Their main lobby group, Dairy Farmers of Canada (DFC), met privately with Prime Minister Justin Trudeau on Tuesday and left feeling comforted.

"He clearly understands our concerns. He stated that not only does he support supply management, he is also committed to our dairy farmers, and a robust dairy sector," said DFC President Pierre Lampron.

Canadian processors and farmers implemented a new pricing system, called Class 7, for milk ingredients starting in 2016, over concerns about fast-rising volumes of U.S. milk proteins not subject to high tariffs that were flowing into Canada.

U.S. shipments of the proteins have now tapered off, and the new price class also allowed Canadian processors to produce skim milk powder at a low enough price to compete globally.
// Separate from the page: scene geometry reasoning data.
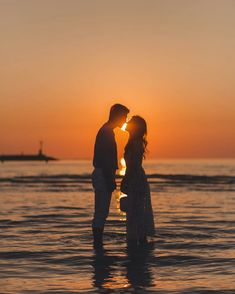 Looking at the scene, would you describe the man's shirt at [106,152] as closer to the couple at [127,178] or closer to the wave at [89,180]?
the couple at [127,178]

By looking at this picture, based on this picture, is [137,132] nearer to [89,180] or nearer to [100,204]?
[100,204]

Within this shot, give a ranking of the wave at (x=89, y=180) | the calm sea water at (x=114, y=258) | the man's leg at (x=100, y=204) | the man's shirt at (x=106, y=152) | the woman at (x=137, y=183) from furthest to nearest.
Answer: the wave at (x=89, y=180) → the woman at (x=137, y=183) → the man's shirt at (x=106, y=152) → the man's leg at (x=100, y=204) → the calm sea water at (x=114, y=258)

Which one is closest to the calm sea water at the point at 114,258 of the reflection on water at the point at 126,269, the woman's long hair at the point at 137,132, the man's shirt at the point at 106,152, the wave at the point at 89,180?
the reflection on water at the point at 126,269

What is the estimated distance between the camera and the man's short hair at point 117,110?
33.3 feet

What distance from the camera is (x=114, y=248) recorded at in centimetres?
966

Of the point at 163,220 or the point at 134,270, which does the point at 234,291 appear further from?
the point at 163,220

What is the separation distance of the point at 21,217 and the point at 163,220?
3.55 m

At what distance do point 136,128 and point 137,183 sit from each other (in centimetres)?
94

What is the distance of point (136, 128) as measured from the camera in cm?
1024

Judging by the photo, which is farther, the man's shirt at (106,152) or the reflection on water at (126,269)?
the man's shirt at (106,152)

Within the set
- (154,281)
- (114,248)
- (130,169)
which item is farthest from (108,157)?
(154,281)

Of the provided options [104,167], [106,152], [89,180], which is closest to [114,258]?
[104,167]

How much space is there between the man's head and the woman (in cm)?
14

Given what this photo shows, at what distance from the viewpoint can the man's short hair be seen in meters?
10.2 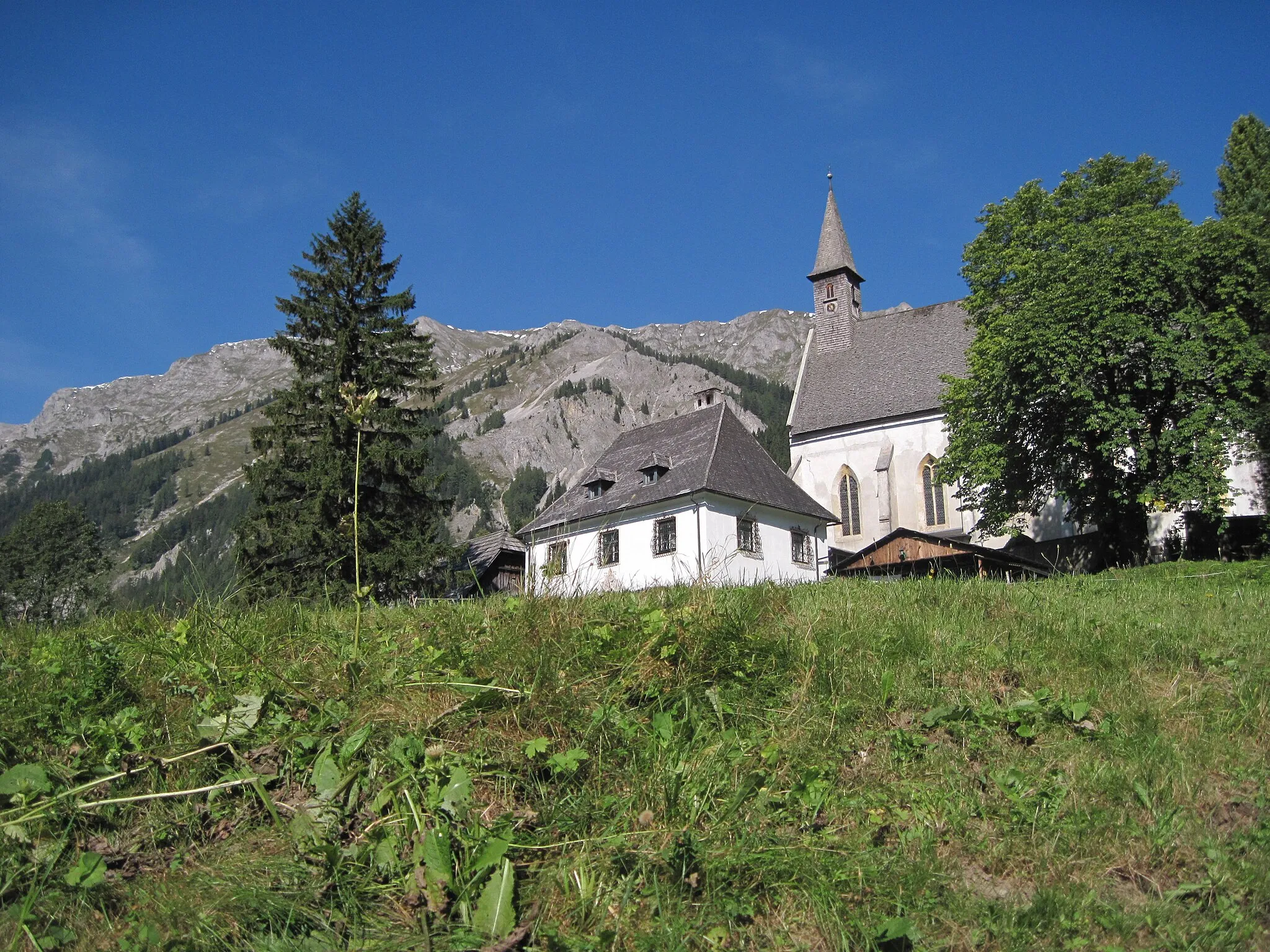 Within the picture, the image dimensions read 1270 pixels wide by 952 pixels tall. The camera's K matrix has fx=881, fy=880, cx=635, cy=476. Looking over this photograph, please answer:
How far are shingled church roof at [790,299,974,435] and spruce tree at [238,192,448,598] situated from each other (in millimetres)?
22329

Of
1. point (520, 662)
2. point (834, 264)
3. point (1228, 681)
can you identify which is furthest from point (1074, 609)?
point (834, 264)

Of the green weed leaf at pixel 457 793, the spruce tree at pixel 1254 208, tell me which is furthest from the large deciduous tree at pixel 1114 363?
the green weed leaf at pixel 457 793

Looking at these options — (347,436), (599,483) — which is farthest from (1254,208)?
(347,436)

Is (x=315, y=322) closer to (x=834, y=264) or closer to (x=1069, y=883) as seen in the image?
(x=1069, y=883)

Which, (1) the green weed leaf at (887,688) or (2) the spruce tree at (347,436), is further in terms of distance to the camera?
(2) the spruce tree at (347,436)

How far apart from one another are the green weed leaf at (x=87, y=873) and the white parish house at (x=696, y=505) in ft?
77.1

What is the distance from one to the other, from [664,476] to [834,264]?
2544cm

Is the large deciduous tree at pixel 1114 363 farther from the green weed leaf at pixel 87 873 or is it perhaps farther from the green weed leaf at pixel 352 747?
the green weed leaf at pixel 87 873

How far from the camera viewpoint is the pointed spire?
53.4 m

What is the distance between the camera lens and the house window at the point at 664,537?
1272 inches

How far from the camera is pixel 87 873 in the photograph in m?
4.02

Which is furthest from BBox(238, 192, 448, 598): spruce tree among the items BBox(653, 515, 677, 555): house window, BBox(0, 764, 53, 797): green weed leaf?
BBox(0, 764, 53, 797): green weed leaf

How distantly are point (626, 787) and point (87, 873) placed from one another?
2.54m

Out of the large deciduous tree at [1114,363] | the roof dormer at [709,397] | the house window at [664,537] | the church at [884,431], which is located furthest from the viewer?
the church at [884,431] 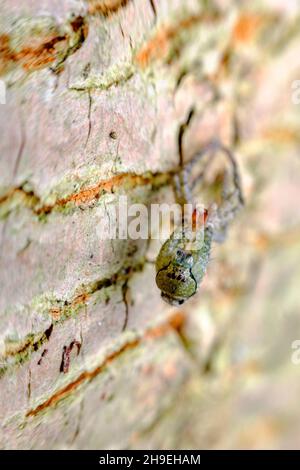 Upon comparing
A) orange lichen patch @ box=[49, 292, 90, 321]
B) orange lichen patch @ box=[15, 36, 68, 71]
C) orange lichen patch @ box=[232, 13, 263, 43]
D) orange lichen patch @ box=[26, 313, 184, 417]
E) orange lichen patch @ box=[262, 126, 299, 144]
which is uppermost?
orange lichen patch @ box=[232, 13, 263, 43]

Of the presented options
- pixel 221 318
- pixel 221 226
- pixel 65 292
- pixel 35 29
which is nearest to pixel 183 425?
pixel 221 318

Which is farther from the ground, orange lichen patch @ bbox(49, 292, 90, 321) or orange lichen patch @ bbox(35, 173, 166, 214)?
orange lichen patch @ bbox(35, 173, 166, 214)

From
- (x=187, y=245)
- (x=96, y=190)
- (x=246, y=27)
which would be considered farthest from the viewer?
(x=246, y=27)

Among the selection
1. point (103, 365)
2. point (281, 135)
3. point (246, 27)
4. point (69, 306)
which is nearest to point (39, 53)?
point (69, 306)

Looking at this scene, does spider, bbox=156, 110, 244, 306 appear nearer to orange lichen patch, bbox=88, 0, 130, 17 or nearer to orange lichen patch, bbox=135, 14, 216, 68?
orange lichen patch, bbox=135, 14, 216, 68

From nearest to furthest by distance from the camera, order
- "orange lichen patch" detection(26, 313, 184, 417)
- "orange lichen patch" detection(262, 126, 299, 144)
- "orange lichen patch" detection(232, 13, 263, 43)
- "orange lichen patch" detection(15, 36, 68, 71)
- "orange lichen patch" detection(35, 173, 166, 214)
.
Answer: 1. "orange lichen patch" detection(15, 36, 68, 71)
2. "orange lichen patch" detection(35, 173, 166, 214)
3. "orange lichen patch" detection(26, 313, 184, 417)
4. "orange lichen patch" detection(232, 13, 263, 43)
5. "orange lichen patch" detection(262, 126, 299, 144)

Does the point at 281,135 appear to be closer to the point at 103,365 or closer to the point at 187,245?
the point at 187,245

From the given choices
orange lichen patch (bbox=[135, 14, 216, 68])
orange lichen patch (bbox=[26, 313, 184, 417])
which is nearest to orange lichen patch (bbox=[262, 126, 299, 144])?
orange lichen patch (bbox=[135, 14, 216, 68]) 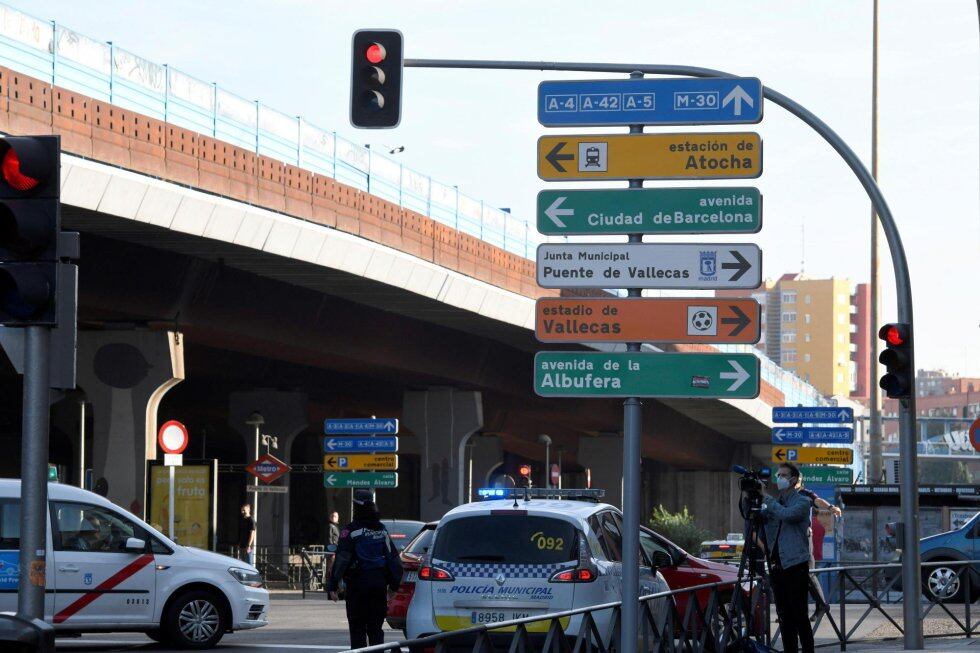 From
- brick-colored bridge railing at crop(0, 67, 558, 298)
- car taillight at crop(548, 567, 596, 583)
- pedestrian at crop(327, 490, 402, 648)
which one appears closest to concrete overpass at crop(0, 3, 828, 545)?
brick-colored bridge railing at crop(0, 67, 558, 298)

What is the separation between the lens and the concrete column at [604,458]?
64312mm

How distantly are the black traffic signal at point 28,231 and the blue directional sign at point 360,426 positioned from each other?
24686 millimetres

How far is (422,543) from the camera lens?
55.4 feet

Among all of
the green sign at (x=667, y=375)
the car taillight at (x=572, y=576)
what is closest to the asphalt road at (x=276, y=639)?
the car taillight at (x=572, y=576)

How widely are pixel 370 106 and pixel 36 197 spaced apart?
6.83m

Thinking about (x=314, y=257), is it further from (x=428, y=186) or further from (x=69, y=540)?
(x=69, y=540)

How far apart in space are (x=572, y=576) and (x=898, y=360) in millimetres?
4914

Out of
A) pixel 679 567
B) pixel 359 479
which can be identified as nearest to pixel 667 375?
pixel 679 567

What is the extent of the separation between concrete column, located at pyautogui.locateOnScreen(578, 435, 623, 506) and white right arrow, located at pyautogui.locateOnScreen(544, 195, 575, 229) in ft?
175

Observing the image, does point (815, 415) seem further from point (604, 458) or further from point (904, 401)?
point (604, 458)

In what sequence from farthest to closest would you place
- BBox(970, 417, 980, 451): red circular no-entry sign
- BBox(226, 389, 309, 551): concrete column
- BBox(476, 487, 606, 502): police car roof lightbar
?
BBox(226, 389, 309, 551): concrete column → BBox(970, 417, 980, 451): red circular no-entry sign → BBox(476, 487, 606, 502): police car roof lightbar

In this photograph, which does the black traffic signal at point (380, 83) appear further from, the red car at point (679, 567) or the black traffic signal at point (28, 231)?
the black traffic signal at point (28, 231)

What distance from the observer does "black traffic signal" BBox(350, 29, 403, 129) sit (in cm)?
1473

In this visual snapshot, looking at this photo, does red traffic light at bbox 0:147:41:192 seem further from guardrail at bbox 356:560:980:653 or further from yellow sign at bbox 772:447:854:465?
yellow sign at bbox 772:447:854:465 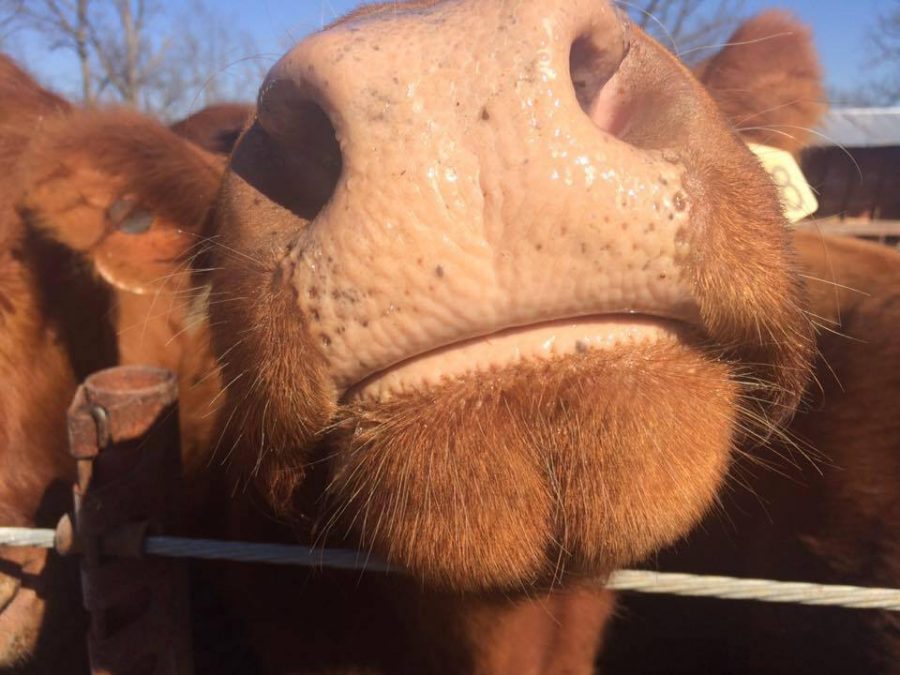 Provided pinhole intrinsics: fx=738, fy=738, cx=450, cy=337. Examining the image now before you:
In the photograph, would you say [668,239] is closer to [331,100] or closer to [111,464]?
[331,100]

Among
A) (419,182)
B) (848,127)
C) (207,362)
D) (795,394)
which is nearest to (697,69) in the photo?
(795,394)

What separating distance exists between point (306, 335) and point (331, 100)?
1.07 feet

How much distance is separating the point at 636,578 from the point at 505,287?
0.96 metres

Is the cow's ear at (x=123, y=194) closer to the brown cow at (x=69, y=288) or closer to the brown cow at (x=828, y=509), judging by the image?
the brown cow at (x=69, y=288)

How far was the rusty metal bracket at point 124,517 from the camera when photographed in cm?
156

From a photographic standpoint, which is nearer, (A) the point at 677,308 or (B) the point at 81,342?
(A) the point at 677,308

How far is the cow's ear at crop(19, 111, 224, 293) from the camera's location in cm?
188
The extra supplies have depressed global prices, Vilsack said.

"They are essentially transferring the problems that are created by their system," Vilsack said.

The underlying reason for Canada's new price class is that demand for butterfat, used to make butter and cream, is outpacing that of dairy proteins - leaving processors with surpluses of the latter.

Mathieu Frigon, chief executive of the Dairy Processors Association of Canada, whose members include Saputo Inc and Parmalat Canada Inc [PLTPRC.UL], said he was surprised by the U.S. complaints.

"The U.S. faces the same (issue)," Frigon said, adding the United States also limited dairy imports with high tariffs, albeit much lower than Canada's. "It's not like their market is wide open."

The United States ships five times more dairy to Canada than vice-versa, Frigon said.

U.S. concerns about Class 7 are overblown, said Al Mussell, research lead at Canadian think tank Agri-Food Economic Systems.

Canadian sales are "a drop in the bucket," and while skim milk exports grew fast, that growth cannot continue because Canada's system restricts production, Mussell said.